Earth Day 2005: Is the Cross Green?

On March, 2 1994, Mikhail Gorbachev addressed the 2nd World Peace Conference in Seoul, Korea. His message: “The future improvement in regulating world processes and the transition to a new world order is closely connected with the assertion of a new value system.”

A New Paradigm?

Concluding, he remarked: “We need a new paradigm of existence. In the 20th century, mankind acquired common interests and goals — economic well-being, harmonization with nature, human freedom, equality among peoples and nations. The challenge is how to incorporate these goals into international and national policy.” One month later he addressed The Hague and explained how his new organization hoped to accomplish the task: “The super task of Green Cross International and of its national organizations is to help the development of global environmental consciousness, of new values and the transition to a new civilization.”

Four years before Gorbachev’s speeches, Pope John Paul II issued a call for Catholics to take environmental issues seriously in his January 1, 1990 World Peace letter, entitled: The Ecological Crisis: A Common Responsibility.
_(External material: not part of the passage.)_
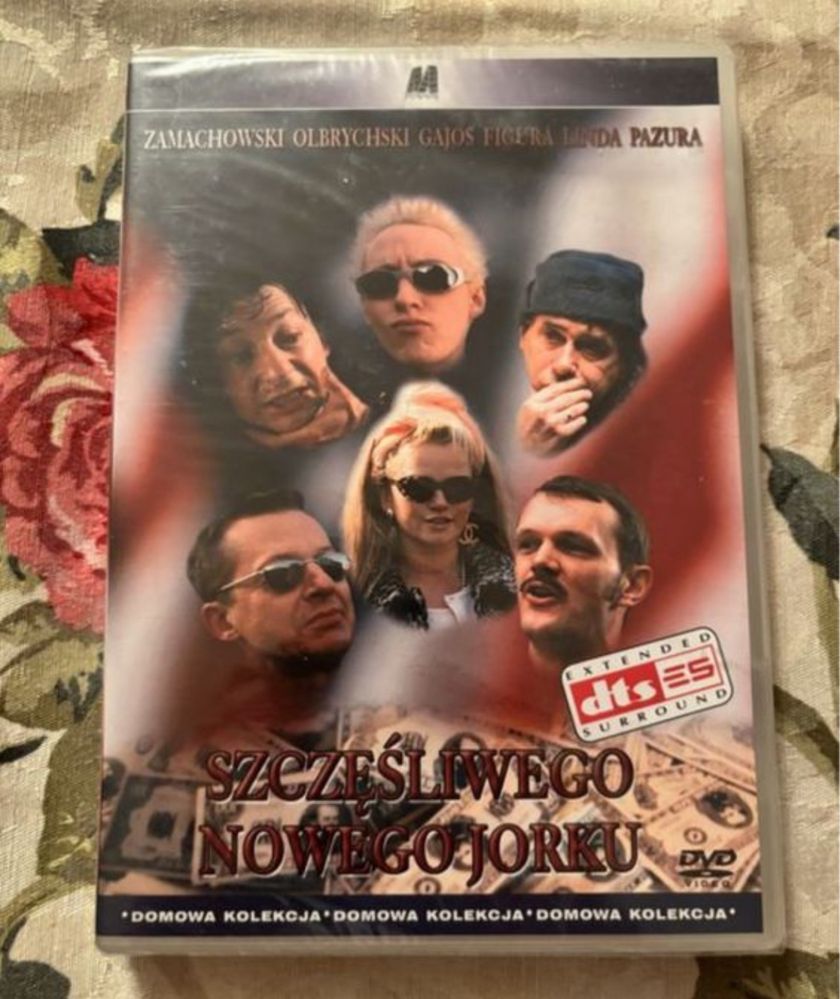 Szczęśliwego nowego jorku plyta dvd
He opened by noting that: “a new ecological awareness is beginning to emerge which, rather than being downplayed, ought to be encouraged to develop into concrete programs and initiatives.”

It should interest Catholics that a former head of the Communist party desires to include the Christian symbol in his new international movement dedicated to “environmental consciousness.” Perhaps we can be of assistance in developing Gorbachev’s paradigm shift in favor of the New Evangelization and create a win-win situation for the Catholic and Green movements: Christians (as the pope desires) would take more seriously Green issues and the Green movement could see Christians as partners. If there is an international “Green Cross” movement, let’s help them lift high the Cross and remind the world of its full salvific meaning. Even Gorbachev mentioned the cross as a symbol of “saving” in his Green Cross addresses.

Holiness + Compassion = Witness

The difficulty for those coming from a Marxist or materialist background is that they often reject Christianity based on false representations of it. They are not ready to hear a Christian-based ecology because they know only the weak and sinful human side of the Church’s earthly representatives: “[Atheism] springs from various causes, among which must be included a critical reaction against…the Christian religion in particular” (Gaudium et Spes nr. 19). We Christians can help change that by striving for true holiness and adhering to the full Gospel, really loving our enemies and praying for those who persecute us.

Christianity is the brotherhood of mankind with Jesus, under the Fatherhood of God. Marxists and materialists embrace the brotherhood of man, but not the Fatherhood and mercy of God. Many are sincerely troubled by the seeming senselessness of so much suffering. They must see that Christians are concerned for the rights and dignity of workers and the poor.

Spoiling the environment or exploiting workers was never the work of people practicing Christian virtues. People who put profit before the love of God and neighbor are failing to follow Christ. “The way we came to know love was that [Jesus] laid down His life for us; so we ought to lay down our lives for our brothers. If someone who has worldly means sees a brother in need and refuses him compassion, how can the love of God remain in him?” (1 Jn 3:16-17).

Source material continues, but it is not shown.